The renovation boom in Canada: the best is yet to come
Residential renovations and repairs have more than doubled, dollar-wise, since the late 1990s. And the boom is continuing, fuelled by an ageing population.
By Alec Caldwell
The total spending associated with residential renovations and repairs has more than doubled since the late 1990s to nearly $64 billion in 2013, or nearly four per cent of Canada’s GDP, according to a recent report from Altus Group, a Toronto-based property consulting firm.
60 per cent of Canadians cited “increasing value” as the key motivation to renovate.
Depending on the house, fixes can be anywhere from cosmetic updates to complete gut jobs. Homeowners spend, on average, $21,000 more on their homes in the year following the purchase of a house, according to data from the Canada Mortgage and Housing Corp.
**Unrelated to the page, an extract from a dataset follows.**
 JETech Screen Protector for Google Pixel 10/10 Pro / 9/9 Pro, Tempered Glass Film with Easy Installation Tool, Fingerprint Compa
I believe that even more growth in the home renovations market is yet to come as Canada’s baby boomers begin to reach age 65. Most of them will want to stay in their own homes as long as possible – and they will adapt those homes as necessary.
The seniors share of the 2013 renovations market in Canada was already worth $8-billion.
The baby boomer market for renovations is massive. According to a 2011 Census, 9.6 million persons, or 29% of Canadians, are baby boomers. By 2031, all baby boomers will have reached 65. For home renovation companies, over the next 18 years this is a huge growth area and those geared up for it should capture their share of this huge market.